Comme l’explique Xavier Dorison en préambule, le projet Long John Silver est né de l’envie de rendre hommage au personnage plutôt que proposer une suite à L’île au trésor. Se déroulant une vingtaine d’années en aval, la quadrilogie se concentre sur le personnage de Silver en essayant d’apporter quelques réponses aux questions que l’on aurait pu se poser en lisant L’île au trésor. Si le premier volume s’intéresse, avec réussite, au personnage de lady Vivian et pose les fondations de l’intrigue, les tomes suivants se focalisent sur Silver et ses satellites.
Dorison nous propose, comme à son habitude, des personnages fouillés, proposant plusieurs facettes, une narration envoûtante servie par des dialogues ciselés en adéquation avec la verve si particulière du XVIIIè siècle. Il se dégage une ambiance littéraire, les mots sont raffinés et la moindre joute verbale est une petite gourmandise. Dorison tient la barre sans changer de cap, chacun des tomes étant réservés à un élément distinct de l’ensemble. Si l’histoire peut sembler linéaire c’est pour mieux maîtriser un rythme qui ne fait jamais défaut, sauf peut-être dans le dernier volume où les aller-retours et les longs monologues effritent la patience du lecteur.
Si le premier livre se concentre sur la flamboyante Lady Vivian, personnage que l’on regrette de voir trop délaissé dans les pages qui suivront, le deuxième s’attarde sur la totalité de la traversée en navire. Huis clos où le courages de chacun se heurteront tel des gréements soumis à la tempête. Le troisième volume s’intéresse à l’exploration de la nouvelle terre inconnue, porteuse d’el dorado, et le final voit la confrontation de toutes les forces en présence.
L’intrigue est toujours surprenante car elle est portée par une pléiade de rôles ambigus, Silver et Vivian se partageant la vedette. Dorison ne cherche jamais la facilité, le larmoyant ou le grandiloquent. Le récit est sobre et expose, aux sels marins, les âmes, souvent torturées, de cette poignée de survivants. Silver, Vivian, le docteur... sont toujours crédibles dans leurs faiblesses, ce qui les rend attachants.
Côté dessin, Lauffray assure et propose des décors et paysages magnifiques. Moins à l’aise avec les visages, on a parfois du mal à les reconnaître suivant l’angle choisi. Les couleurs servent à merveille les cadrages et les perspectives, avec des verts maladifs ou profonds, des bleus dilués ou angoissants et des couleurs chaudes qui rappellent soit un foyer réconfortant soit l’Enfer.
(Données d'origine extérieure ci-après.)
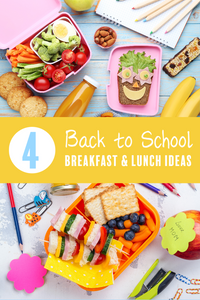 Back to School Recipes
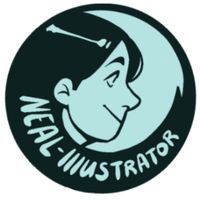 neal_illustrator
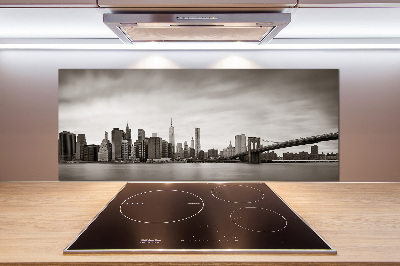 Panel lacobel Manhattan Nowy Jork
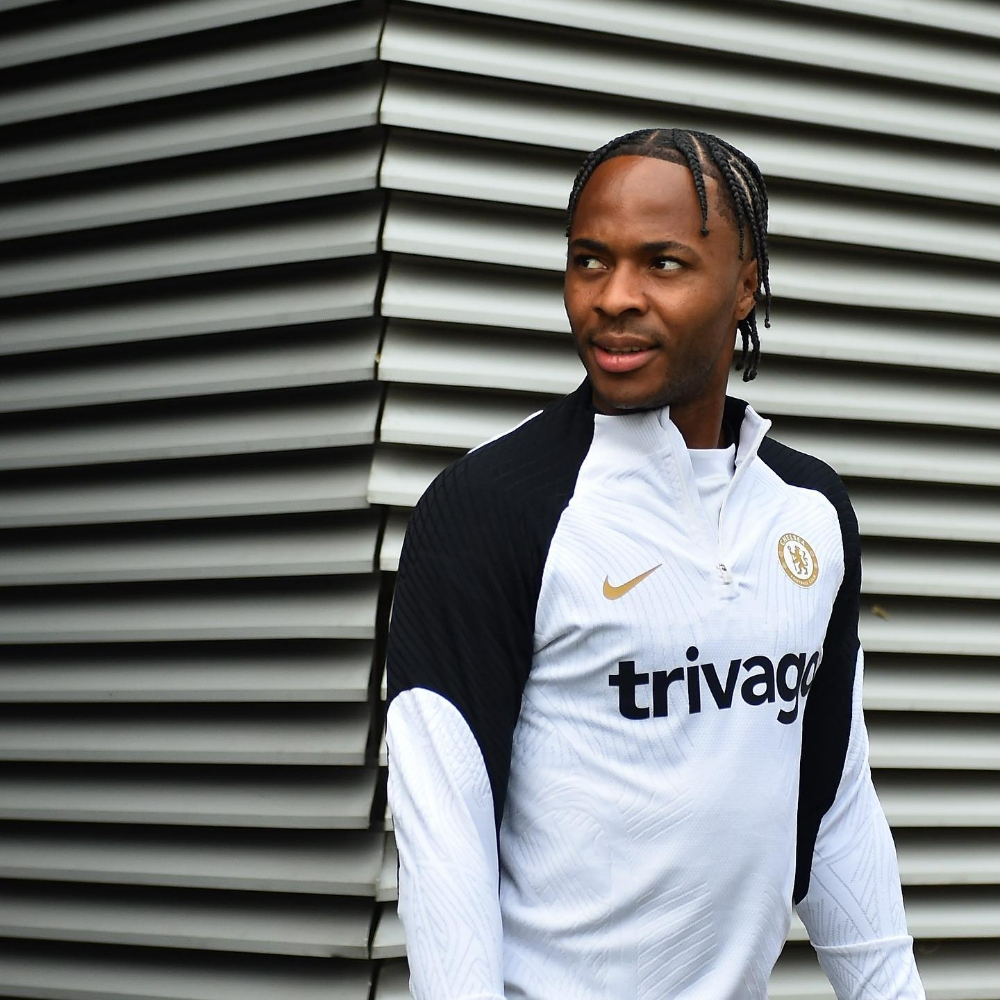 Raheem Sterling Profile Picture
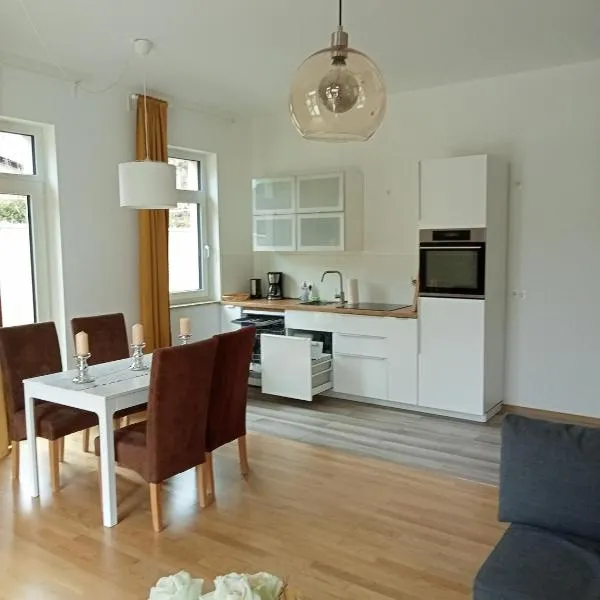 Stadtgrün 2, ξενοδοχείο στο Βερολίνο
Autant à l’aise pour représenter un intérieur victorien, une mer déchaînée ou un ancien temple inca, Lauffray ne lasse jamais. Minutieux et inspiré, sont travail sur la matière inerte nous impose l’indulgence quant à ses errements sur les représentations faciales. N’est pas Jean Giraud qui veut.
On regrettera également un «méchant» générique aux motivations nébuleuses et un final qui manque de véritable climax. Quelques incohérences de scénario traînent ça et là mais elles permettent au rythme de ne jamais louvoyer et d’éviter une indigestion d’explications. Un cycle qui trônera sans honte aux côtés du Troisième testament, de W.E.S.T ou de Prophet.